According to the results of classification accuracy of all three databases to be compared, it was found that the resolving power of taxonomy classification based on ITS2 as nucleotide DNA-based marker was relatively high to genus level in general (over 94% of Holmes-ITS2). In pursuit of the species-level precision, the performance of ITS2 as DNA-based marker didn’t give complete satisfaction. It was inferred that it may be caused by the fact that the average length of ITS2 sequence was short (about 200 base pairs) so that it couldn’t provide enough variation in evolution to differentiate partial plant species. The cluster analysis also indicated that the relatively high similarity between certain species with far phylogenetic relationship. Therefore, as a supplement, other nucleotide DNA-based markers of plants including matK(24), rbcL(25), psbA-trnH(26) was planned to be brought into Holmes-ITS2 database as supplement (there existing such problems, including non-homology (matK) and heterogeneity that prevent the creation of a universal PCR toolkit (rbcL)). Besides, in consideration of the actual experiments, combinatorial markers would complement the shortage of each marker, which lead the discovery of more existing species. Furthermore, to keep up on the latest researches and data published to ensure the maximum species coverage, the data update mechanism would be performed at least once per around half year, and the entire database and web server would be maintained actively for the maximize real-time availability.

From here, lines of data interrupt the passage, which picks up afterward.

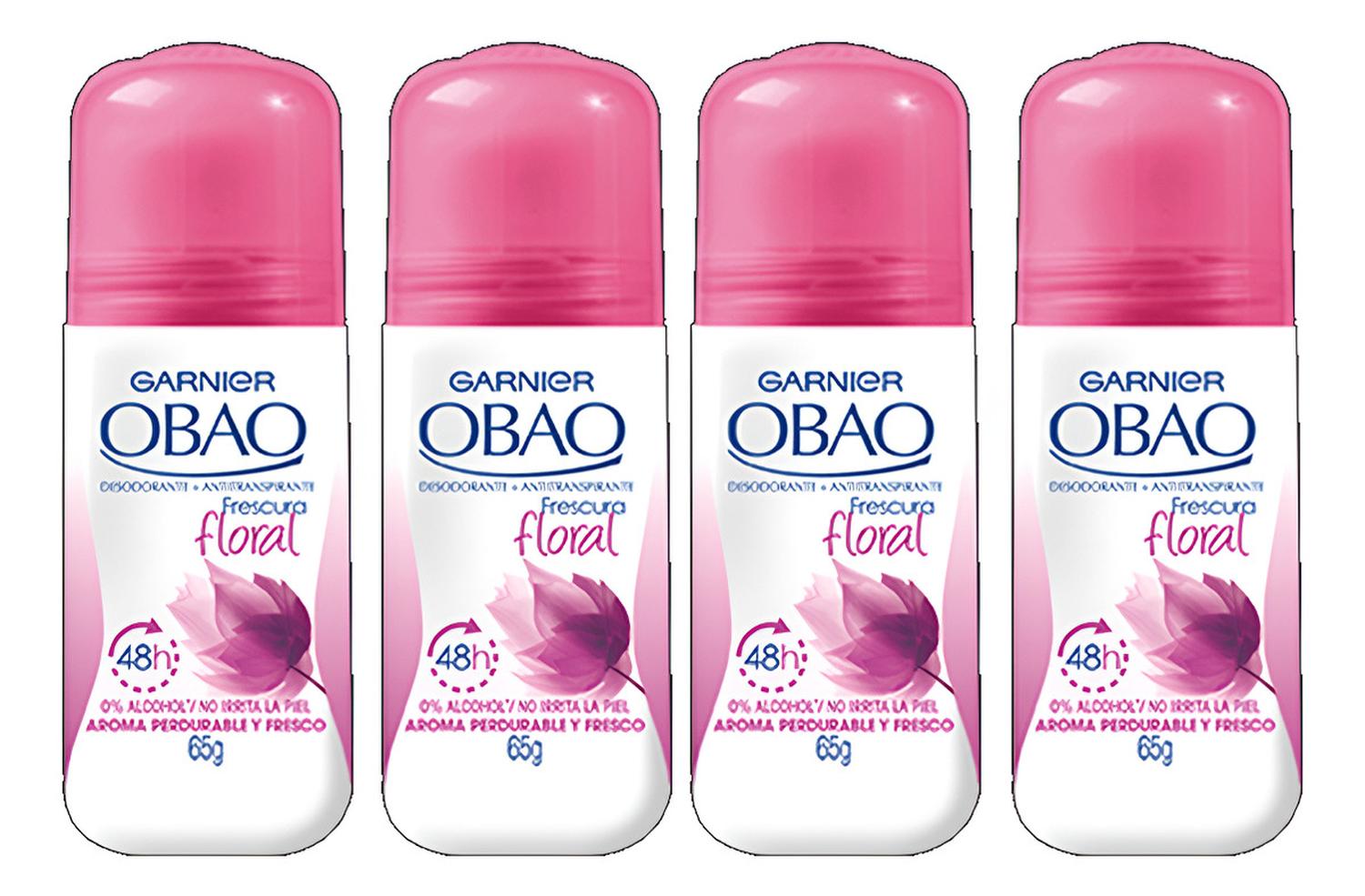 OBAO DESODORANTE ROLL ON MUJER FRESCURA FLORAL X4 UND - 1
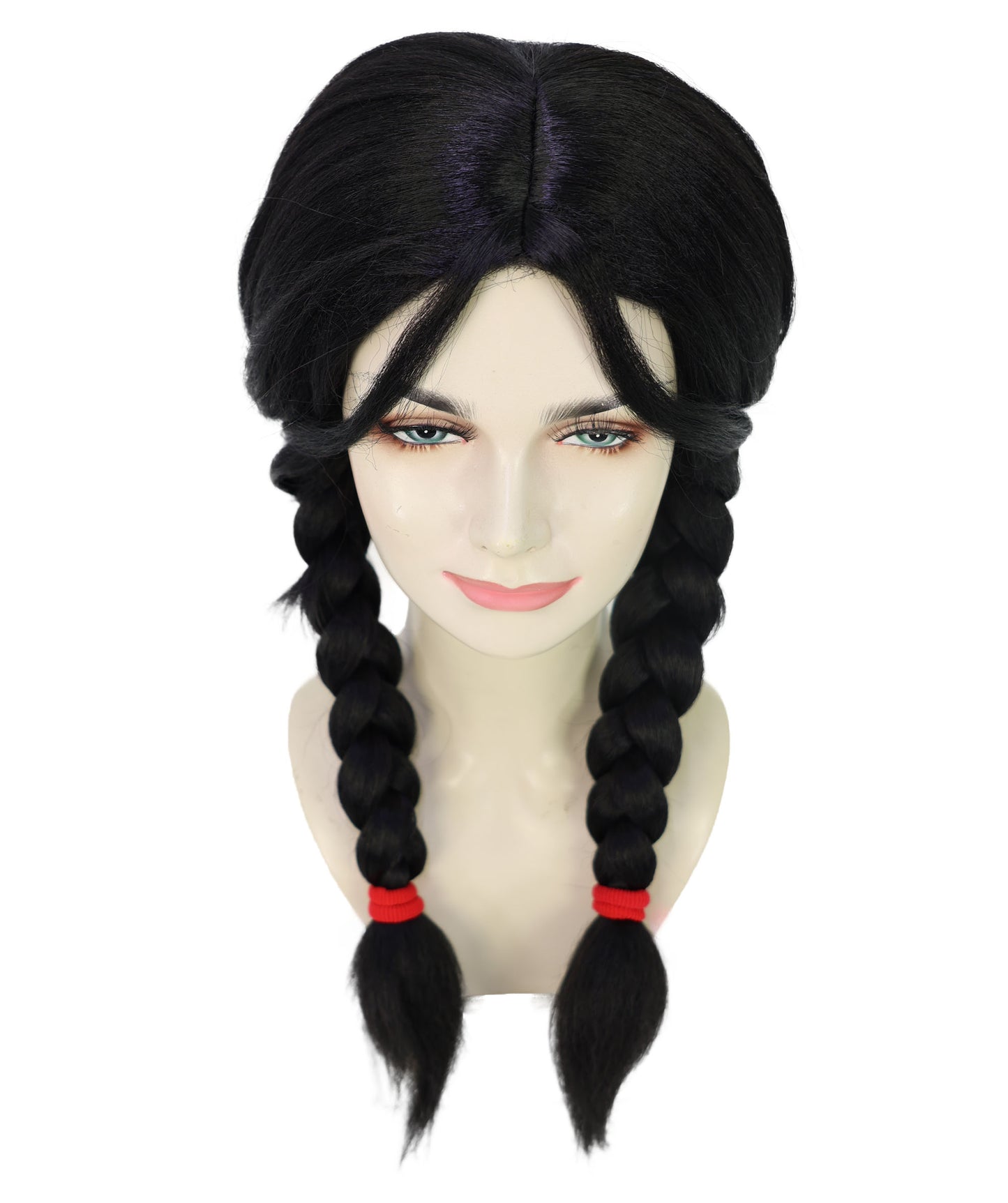Wigs2you H-7193ファンタジー風ロング編み込み黒ウィッグ｜エレガントな大人用コスプレヘアピース｜ハロウィンロールプレイ＆テーマイベント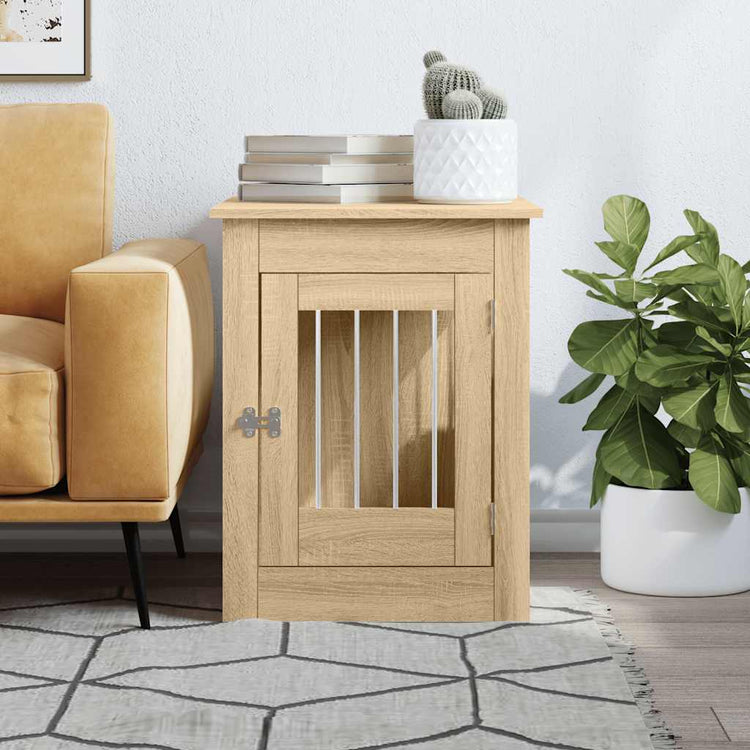 Vidaxl Hundebox 55 x 80 x 68 cm, Holzwerkstoff Sonoma-Eiche farbig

Our goal for development of Holmes-ITS2 database has been to develop a high accurate, high efficient and comprehensive species coverage organism identification and taxonomy classification system with a user friendly and highly available platform (web service). As the diversity of data and methods, the next step in development of Holmes-ITS2 focuses on two aspects: (1) collection and processing of DNA-based marker data, including ITS2 and more nucleotide DNA-based markers as supplement and more accurate and efficient matching search engines, and (2) the integration of related downstream preliminary statistical analysis tools. This effort will advance the utility of Holmes-ITS2 and increase its value as a taxonomy identification platform of plant or plant mixed system, including herbal medicine or TCM preparations.
COMPETING FINANCIAL INTERESTS
The authors declare no competing financial interests.
ACKNOWLEDGEMENT
This work is partially supported by National Science Foundation of China grant 31671374, Ministry of Science and Technology’s high-tech (863) grant 2014AA021502, and Sino-German Research Center grant GZ878.